Guides pre-writing planning for academic papers with 4 structured steps: story design (task-challenge-insight-contribution-advantage), experiment planning (comparisons + ablations), figure design (pipeline + teaser), and 4-week timeline management. Includes counterintuitive planning tactics (write a mock rejection letter to identify weaknesses before writing, narrow before broad claims, design ablations first). Use when: user wants to plan a paper before writing, design story/contributions, plan experiments, create figure sketches, set a writing timeline, or write a pre-emptive rejection letter for planning purposes. Do NOT use for actual writing (use paper-writing), running experiments (use experiment-pipeline), self-reviewing a finished draft (use paper-review), or finding research problems (use research-ideation).
A structured approach to planning academic papers before writing begins. Covers four key activities: Story design, Experiment planning, Figure design, and Timeline management.
If you don't yet have an idea, use the
research-ideationskill first to find a problem and design a solution.
Paper planning follows four steps, ideally completed before writing begins:
Step 1: Story Design → What is the narrative? What are the contributions?
Step 2: Experiment Plan → What experiments prove our claims?
Step 3: Figure Design → How do we visually communicate the method?
Step 4: Timeline → When does each section get written?
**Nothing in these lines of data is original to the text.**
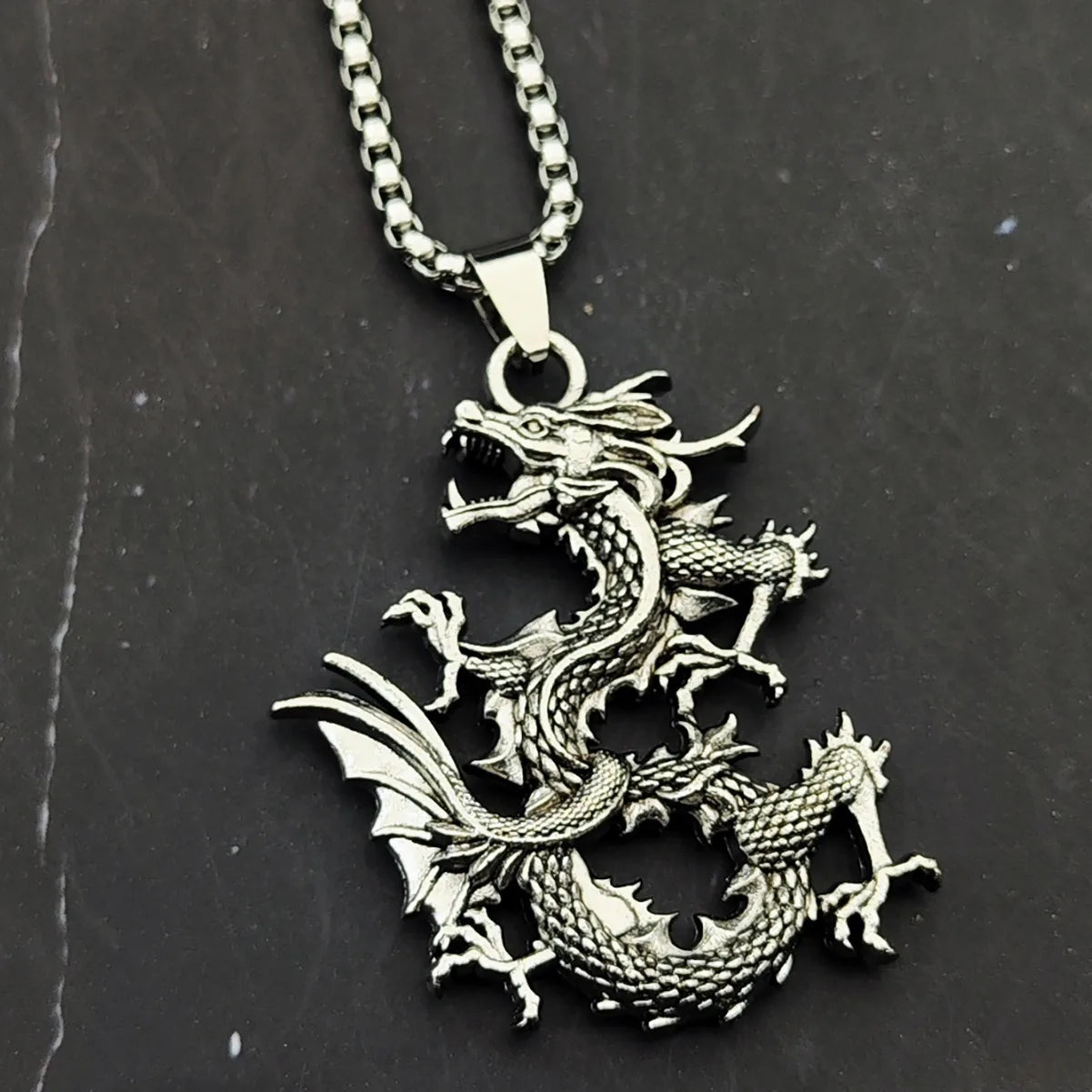 Dragon Zodiac Steel Pendant Chinese Style Retro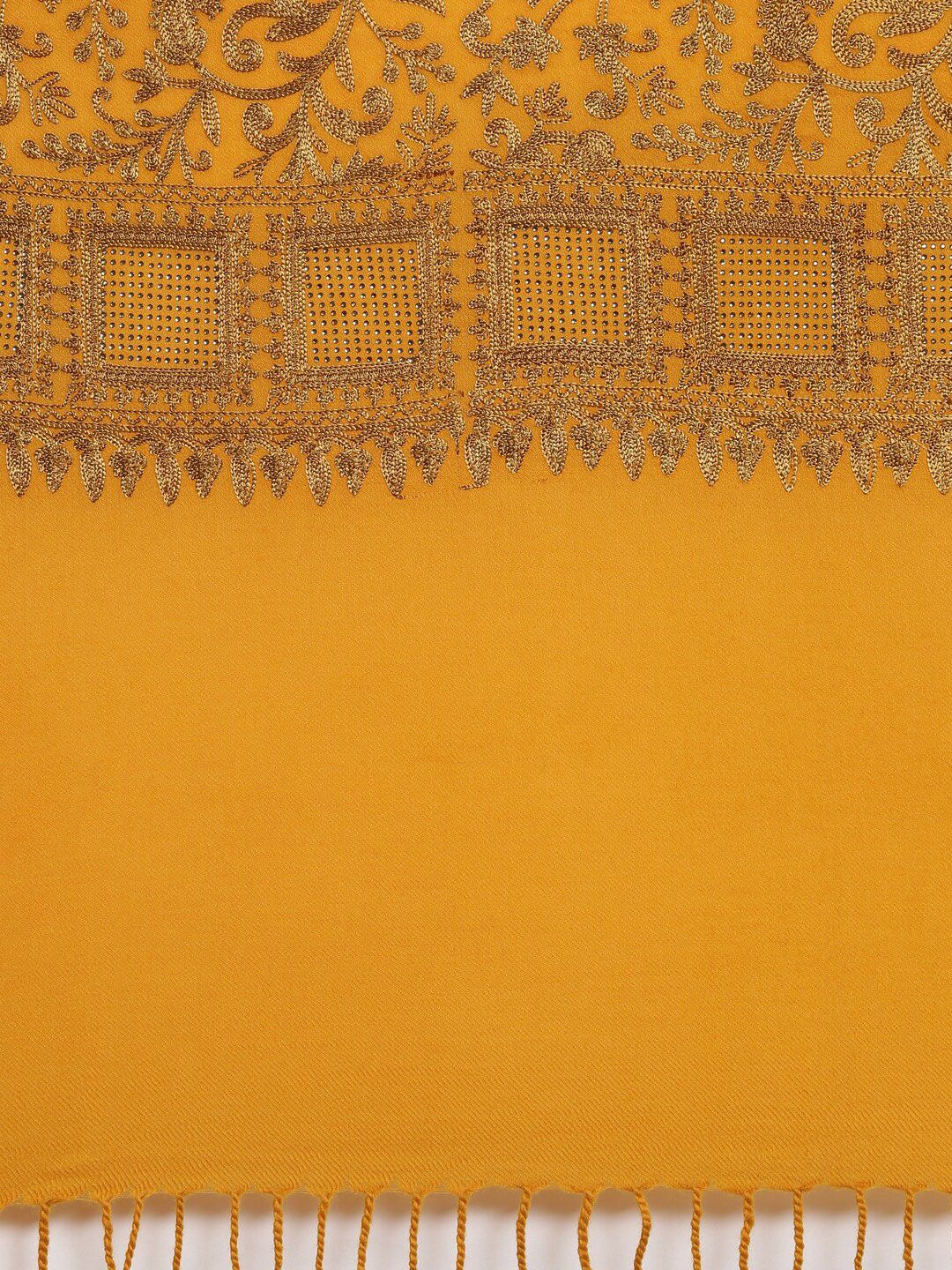 Dhiyona PA Women Pure Woolen Yellow Floral Embroidered Shawl
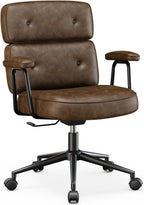 OLIXIS Ergonomic Home Office Desk Chair, PU Leather Computer Chair with Lumbar Support Adjustable Height Rolling Swivel Executive Task Armrests Chair, Modern Brown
Prioritize these counterintuitive rules before regular planning:
The "story" is the logical narrative that connects the problem, insight, method, and results.
Work backwards to build the story:
Then write forward: Task → Previous methods → Challenge → Our contributions → Advantages
Before writing any section, clearly articulate:
| Element | Question | Example |
|---|---|---|
| Task | What problem does this paper address? | "Real-time 3D scene reconstruction" |
| Challenge | Why can't existing methods solve it well? | "Cannot handle dynamic objects efficiently" |
| Insight | What key observation drives our approach? | "Motion patterns are temporally sparse" |
| Contribution | What do we propose? | "Sparse temporal attention for dynamic regions" |
| Advantage | Why is our approach better? | "Reduces computation while preserving quality" |
Start by drawing a pipeline figure sketch. This forces you to clarify the overall method before writing.
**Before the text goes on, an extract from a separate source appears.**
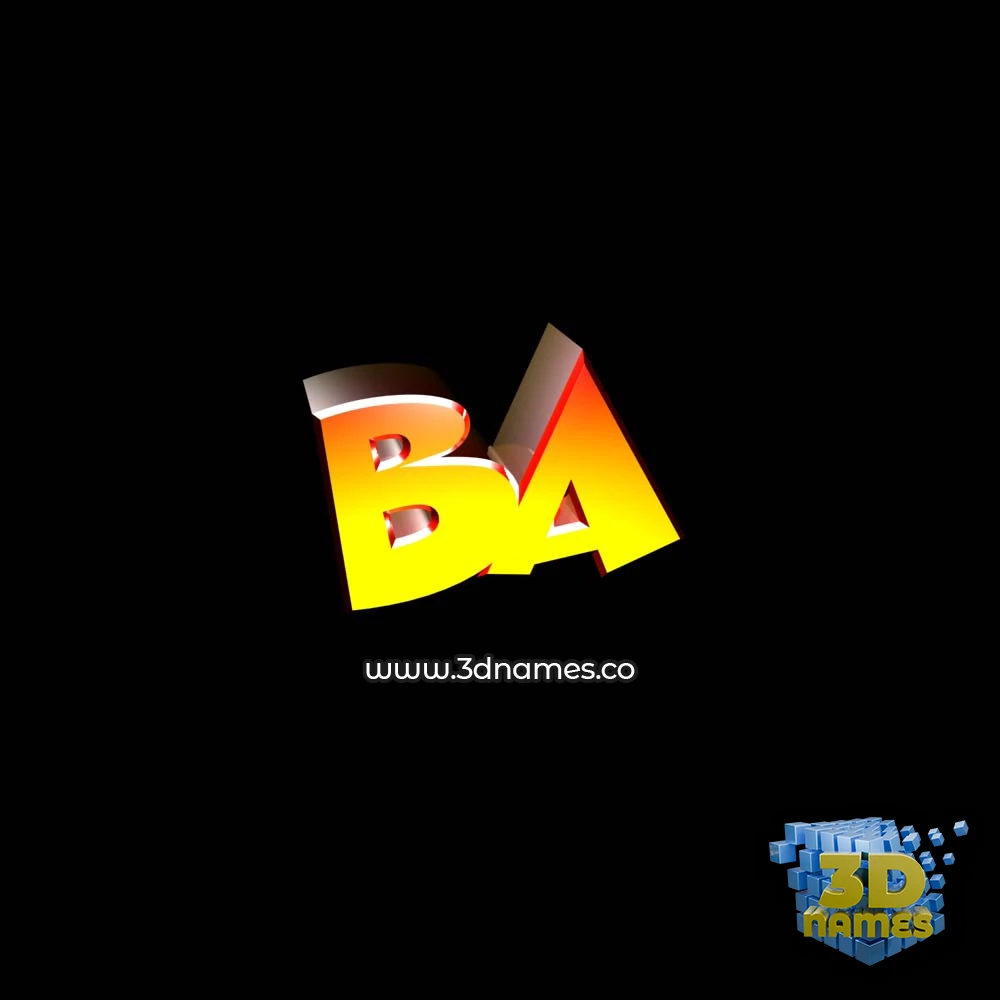 ba in Black Background style - 3D name wallpaper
The pipeline figure sketch serves as the paper's visual backbone:
Plan experiments before writing to avoid discovering gaps late.
Comparison Experiments — Prove our method is better:
Ablation Studies — Prove each module is effective:
Use the template at assets/experiment-plan-template.md to organize your experiment plan.
The pipeline figure is for highlighting novelty, not for making readers understand. The Method text is what makes readers understand.
The teaser (usually Figure 1) shows the key result at a glance:
Visual polish directly influences review outcomes. See references/figure-design.md for the full visual quality guide (pipeline figures, tables, typography)
Start writing at least 1 month before the deadline.
| Week | Tasks |
|---|---|
| 4 weeks before | 1. Organize story (core contribution, module motivations). 2. List comparison experiments and ablation studies. 3. Write Introduction first draft. |
| 3 weeks before | 1. Finalize the pipeline figure sketch. 2. Write Method first draft (use \todo{} for unsettled details). Deadline: give Introduction + Method draft to advisor. |
| 2 weeks before | Write first drafts of Experiments, Abstract, Related Work. |
| Last week | Revise paper, polish pipeline figure and teaser, run demos. |
Critical: By the end of Week 3, you must send the Introduction and Method drafts to your advisor — otherwise the advisor likely will not have enough time to finish reviewing the paper.
See references/timeline-4week.md for the detailed schedule and progress tracking template.
When planning is complete, pass these artifacts to paper-writing:
| Artifact | Source Step | Used By |
|---|---|---|
| Story summary (task → challenge → insight → contribution → advantage) | Step 1 | Introduction |
| Module Motivation Mapping table | Step 1 | Method subsections |
| Experiment plan (comparisons + ablations + demos) | Step 2 | Experiments section |
| Pipeline figure sketch | Step 1 / Step 3 | Method overview + Figure 2 |
| Claim-to-experiment mapping | Step 2 | Abstract, Introduction, Experiments |
| Fallback narrative (if planned) | Counterintuitive Rule 5 | Introduction / Conclusion pivot |
| Rejection-risk table | Counterintuitive Rule 1 | Self-review prioritization |
| Topic | Reference File | When to Use |
|---|---|---|
| Story design | story-design.md | Starting a new paper |
| Experiment planning | experiment-planning.md | Before running experiments |
| Timeline | timeline-4week.md | Setting up a writing schedule |
| Figure design | figure-design.md | Designing pipeline/teaser figures |
| Experiment plan template | experiment-plan-template.md | Creating a structured experiment plan |
| Counterintuitive strategy | counterintuitive-planning.md | Increasing acceptance odds with non-obvious planning choices |
If preparing a conference talk or slide deck, the academic-slides skill guides slide creation from your planning artifacts — including translating your story design and pipeline figure into presentation structure.